The president of Iraq's autonomous region of Kurdistan, Massud Barzani, promised Monday to avenge the Yazidi minority brutally attacked by the Islamic State group a year ago.

"We will hunt down those who committed this crime until the last one," Barzani said in Dohuk at a ceremony commemorating the beginning of the jihadist onslaught against the Yazidis.

A Kurdish-speaking minority mostly based around the Sinjar mountain in northern Iraq, the Yazidis are neither Arabs nor Muslims and have a unique faith which IS considers to be polytheism.

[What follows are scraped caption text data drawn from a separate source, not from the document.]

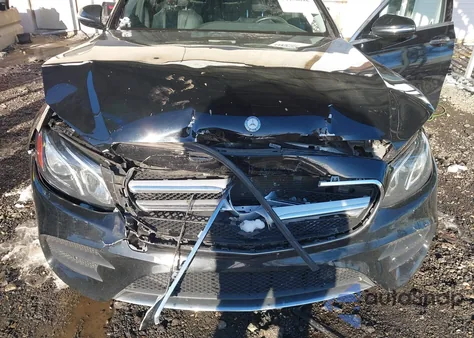 2017 Mercedes-Benz E 300 4Matic z USA, uszkodzony, nr VIN WDDZF4KB9HA135677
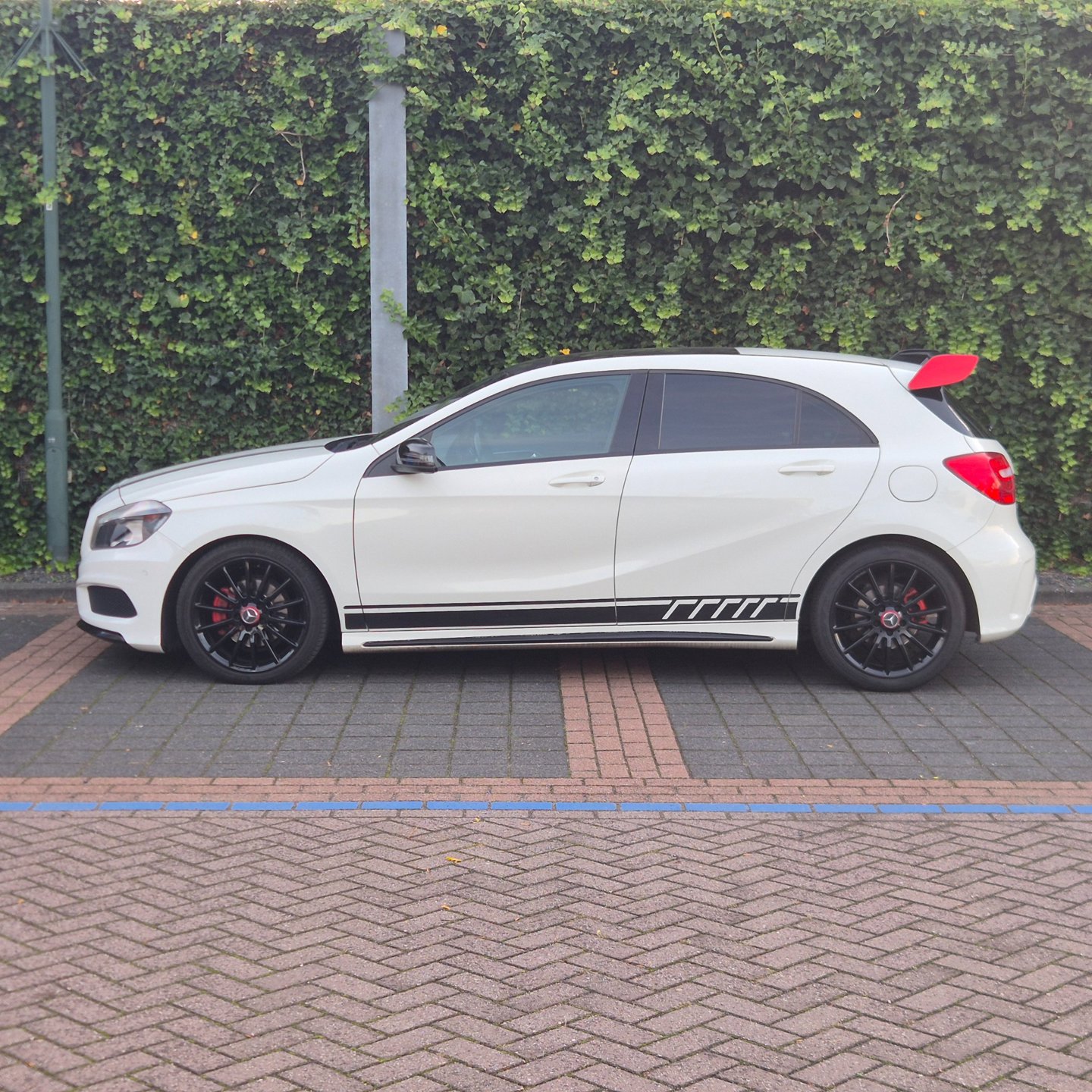 Foto van Mercedes-Benz A 200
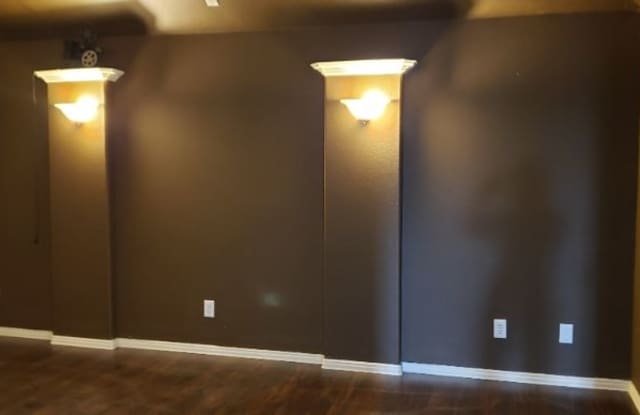 1313 Wheatear Dr Gallery 4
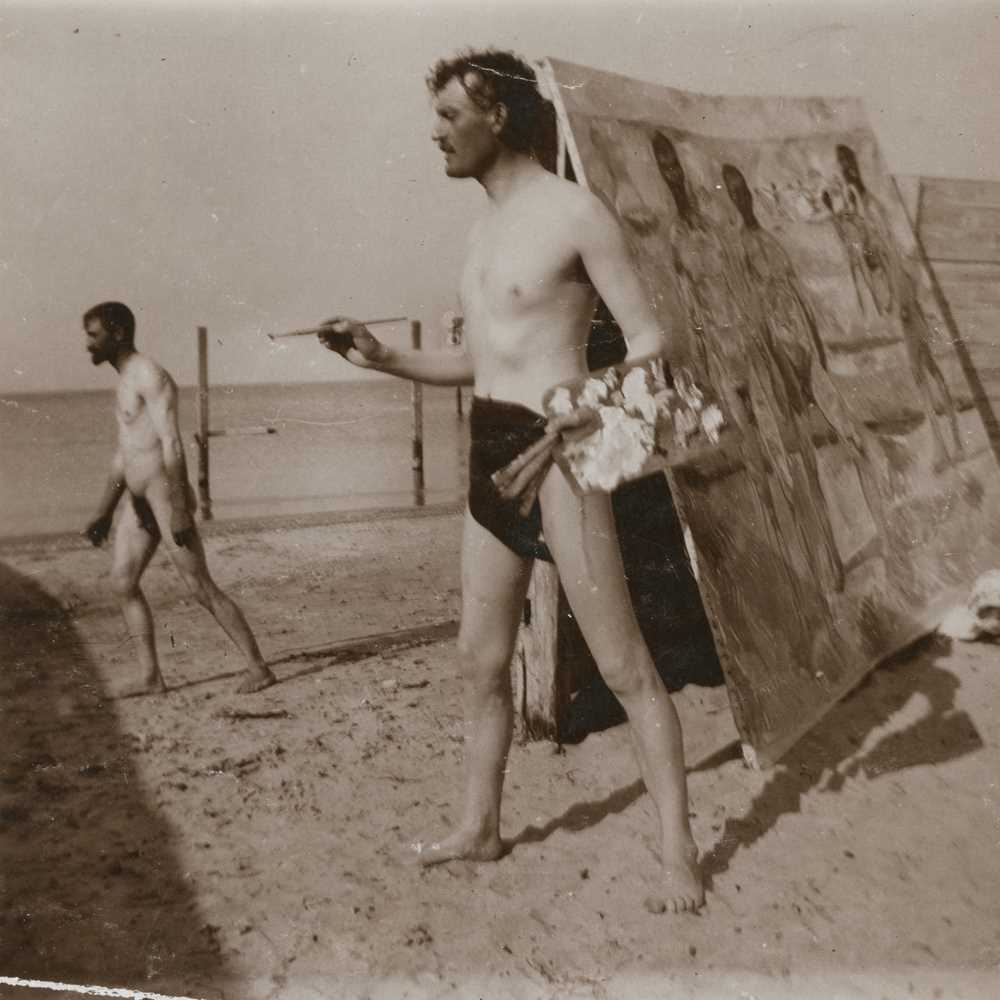 Edvard Munch: Edvard Munch på stranden med pensel og palett. Kollodion, 1907. Foto © Munchmuseet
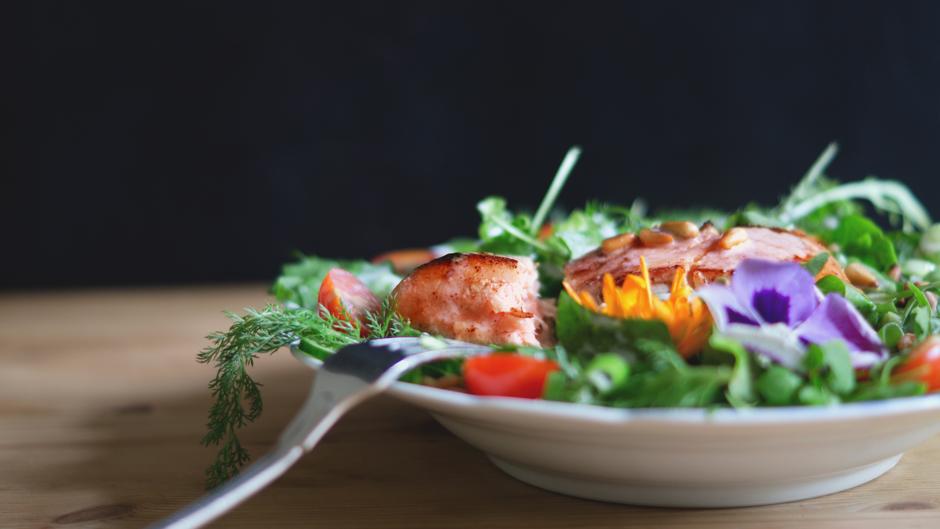 Cómo disfrutar de la comida sin prisa y sin culpa en 9 minutos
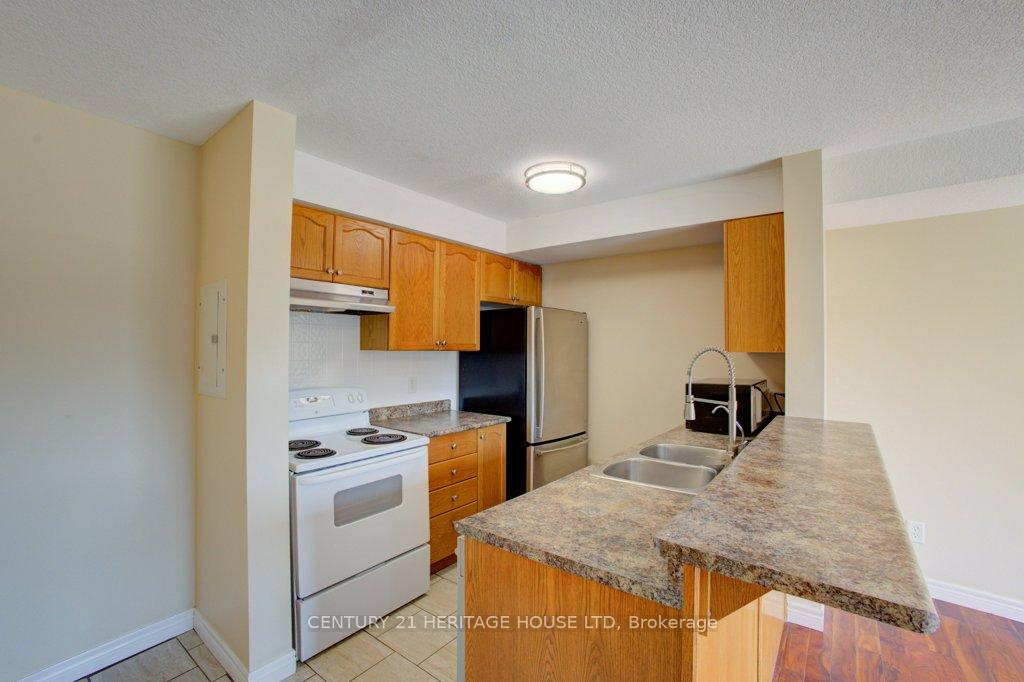 Photo 7 of Unit 10D, 45 Cedar Hill Cresc, Kitchener, Pioneer Park — HOMEH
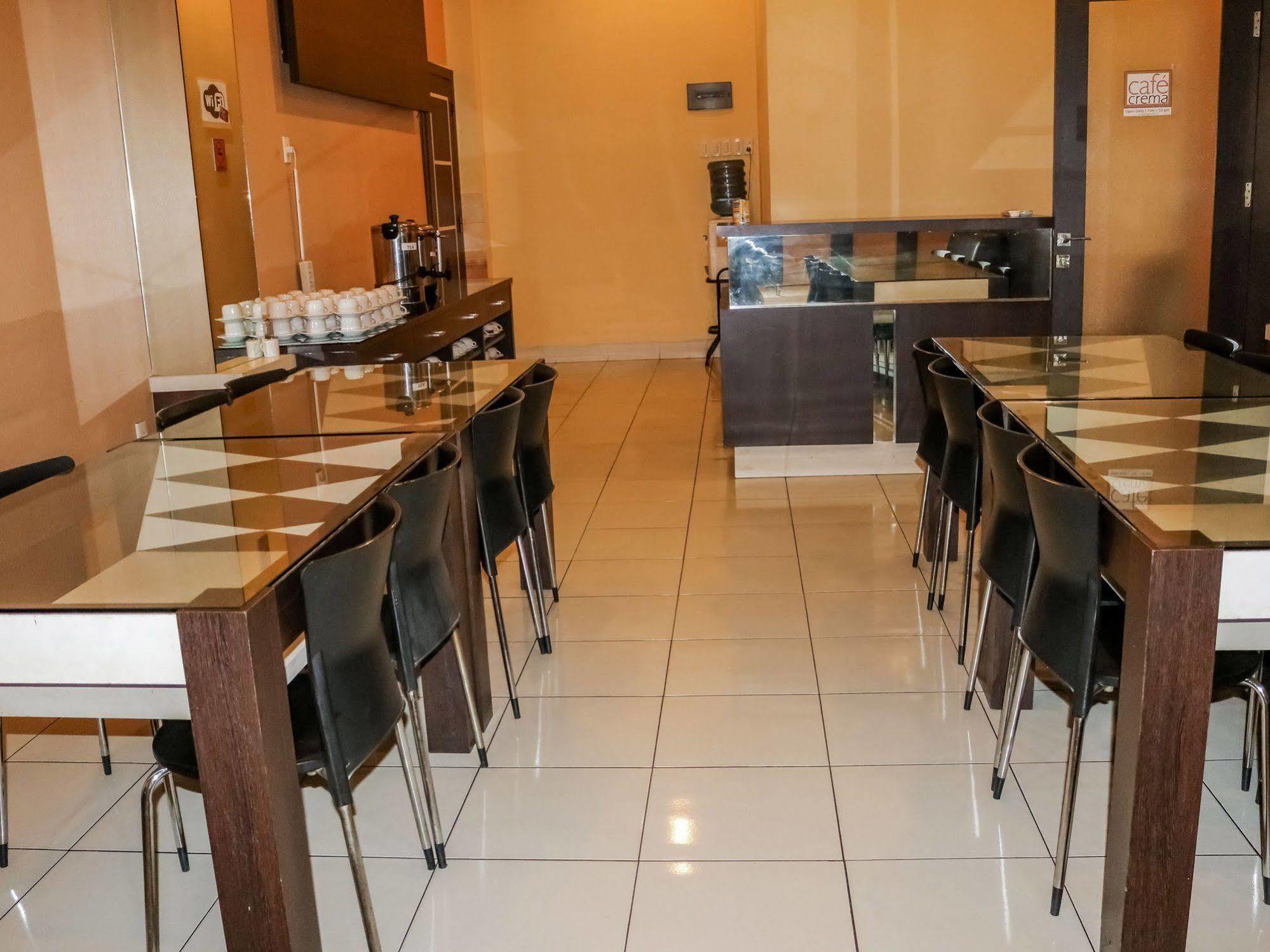 Wisma Sederhana Mitra Reddoorz Medan Exterior foto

Exactly a year ago, the jihadists made an unexpected push into areas of northern Iraq that had been under Kurdish control and were home to many of the country's minorities.

The worst-hit were the Yazidis, who were massacred and abducted in large numbers when IS entered the Sinjar area.

Tens of thousands of them scrambled up Mount Sinjar in a panic and remained stranded there for days with no food nor water in searing summer temperatures.

Dramatic footage of their flight through Syria and back into autonomous Iraqi Kurdistan caught the world's attention.

The jihadist onslaught against the Yazidis has been described by the United Nations as "an attempt to commit genocide" and was one of the main justifications for the US-led air campaign against IS that began days later.

Backed by the international coalition that subsequently developed, the Kurdish peshmerga as well as Kurdish forces from neighbouring Syria have clawed back land, but not all of it.

"They (IS) have left thousands of bodies on the battlefield, but this is not enough in comparison with the crimes they committed," Barzani said.

The Kurdistan Regional Government (KRG) released figures on the Yazidis saying that the community counts 550,000 members in Iraq.

- New province -

The figures said Yazidis account for 400,000 of the more than three million people who have been displaced in Iraq since violence erupted at the beginning of 2014.

According to the KRG figures, 1,280 Yazidis were killed in the IS offensive, 280 died due to the conditions they were subjected to and 841 are still missing.

More than 5,800 were also abducted by IS, which has used Yazidi girls and women as slaves. Just over 2,000 of them have managed to flee, the KRG said.

Kurdish and Yazidi forces have retaken control of Mount Sinjar but the battle is still going on in the city of Sinjar, which lies at the foot of the mountain on the southern side.

"Half of Sinjar and its outskirts still aren't liberated," Barzani said in Dohuk, which is the main city in western Kurdistan and where many displaced Yazidis are settled.

"We cannot stop until we liberate all of our land from the hands of the enemy and ensure the return of the displaced," said Barzani.

The factions battling IS in Sinjar are peshmerga forces dominated by Barzani's Kurdistan Democratic Party (KDP) and Syrian Kurds from the PYD, considered an affiliate of the Turkish Kurdish PKK group.

The KDP and PKK have long been rivals and the peshmerga have strived to counter a perception that it was the PYD that rescued the Yazidis from Mount Sinjar.

"We have given more than 1,000 martyrs to attach Sinjar to Kurdistan," Barzani said.

"I demanded the KRG establish a special administration in this area and I will demand the Iraqi government to make Sinjar the centre of the province," he said.

Sinjar lies near the Syrian border and is not within the recognised borders of the three-province Kurdistan Regional Government.

The first major IS push in June 2014 saw Iraq's federal army collapse and abandon their positions. The peshmerga filled the vacuum and de facto expanded the KRG by around 40 percent.